29 C.F.R. § 541.118(a).
Pursuant to the above regulation, I find that Wright was paid on a salary basis. Initially, it is undisputed that Wright was paid regularly on a bi-weekly basis. Moreover, his bi-weekly pay was uniform, and his pay was not reduced based on the number of hours he worked, or the quality of his work. Because the elements of the Secretary of Labor's regulations have been met, I find that Wright was paid on a salary basis.
Wright contends, however, that he is not paid on a salary basis because his bi-weekly pay could be reduced if he did not work and he did not have any available sick time or vacation time that he could invoke to cover his absence. This argument, however, has been rejected by the Supreme Court on grounds that unless there is an actual practice of docking employees for pay where they have taken time off from work without sufficient accumulated sick or vacation time, or the employers' policies create a "significant likelihood" that such deductions would be taken, the theoretical possibility of a pay deduction for missed time will not transform an otherwise salaried position to an hourly position. Auer v. Robbins, 519 U.S. 452, 461 (1997); See also O'Brien v. Town of Agawam, 350 F.3d 279, 292-293 (1st Cir. 2003) ("mere `theoretical possibility" of disciplinary or other pay deductions will not defeat salary status").
In the instant case, there is no evidence that there was a practice of docking pay from employees who took time off of work but who also lacked available sick or vacation time. Nor is there evidence that there exists a significant likelihood that such deductions would be taken. Defendants presented evidence that no supervisory employee has attempted to take time off without having sufficient sick or vacation time to cover the time taken. Accordingly, no salaried employee has ever lost compensation due to taking time off. Thus defendant has established that there is neither an actual practice nor significant likelihood of deducting pay from a salaried employee's pay.
Finally, plaintiff contends that because he is subject to suspension without pay as a form of discipline, he may not be considered a salaried employee because under the Secretary's regulations, a salaried employee may only be suspended without pay for the violation of a safety rule of "major significance." 29 C.F.R. § 541.118(a)(5). Wright contends that because he may be suspended without pay for violation of work rules — as opposed to safety rules, he can not be considered a salaried employee. Again, however, the analysis set forth in Auer controls. Only if there is an actual practice of docking the pay of salaried employees or "a clear and particularized policy . . . which `effectively communicates' that deductions will be made in specified circumstances" will an employee be found to be an hourly employee under the FLSA.

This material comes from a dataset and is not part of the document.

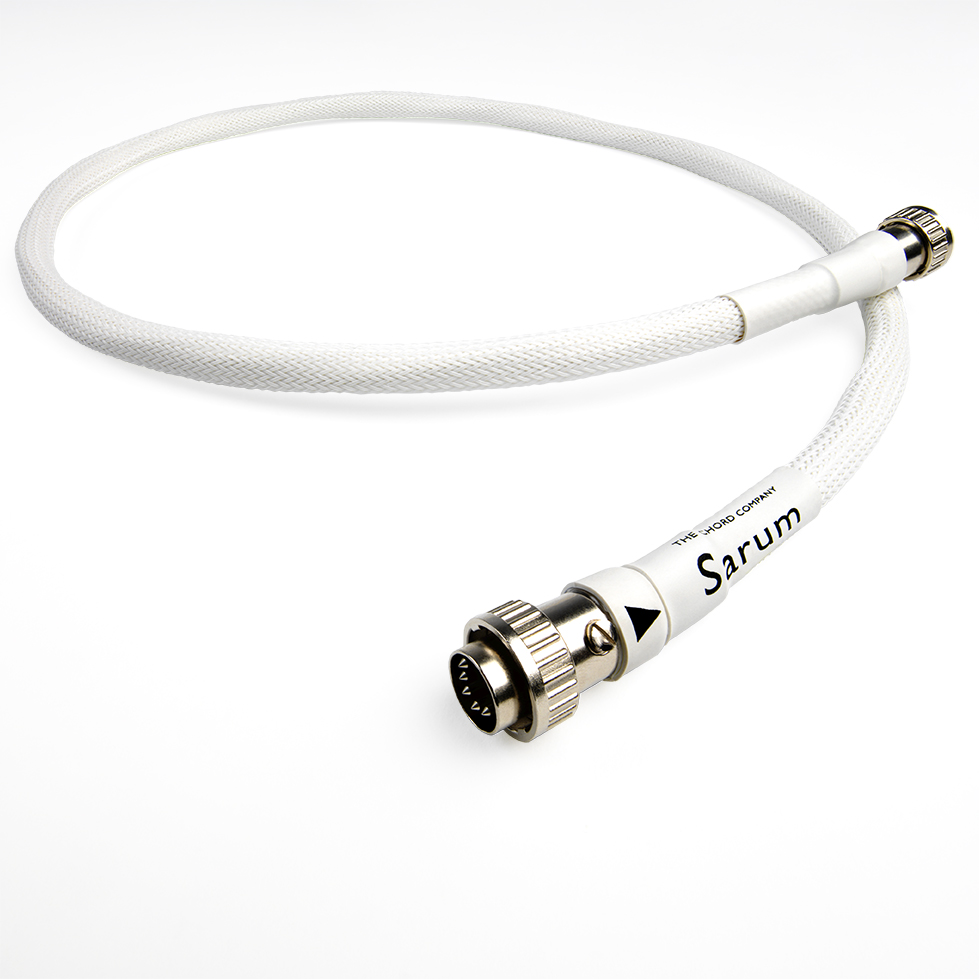 chord-company-sarum-t-analog-din-kabel-4-pol-5-pol-8-pol image 2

In this case, there is no evidence that an actual practice of docking pay for violation of work rules exists. Although one salaried employee was, on one occasion, suspended without pay, he was allowed to use accumulated time to make up for the deducted pay, and so he did not suffer a reduction in pay. Moreover, a single occurrence of a suspension without pay does not establish a "practice" of suspending salaried employees without pay.O'Brien, 350 F.3d at 294 (four isolated incidents of disciplinary pay reductions did not establish an `actual practice' of docking salaried employees pay for work-rule violations). Similarly, there is no evidence that the Monroe County Sheriff's Department utilized a clear and particularized policy which effectively communicated that salary deductions would result from specified work-rule violations. Accordingly, I find that while the fact that a possibility of suspension without pay existed within the Sheriff's Department, that circumstance is not sufficient to convert plaintiff's position as a salaried employee to an hourly-position entitled to overtime compensation.
CONCLUSION
For the reasons set forth above, I grant defendants' motion for summary judgment.
ALL OF THE ABOVE IS SO ORDERED.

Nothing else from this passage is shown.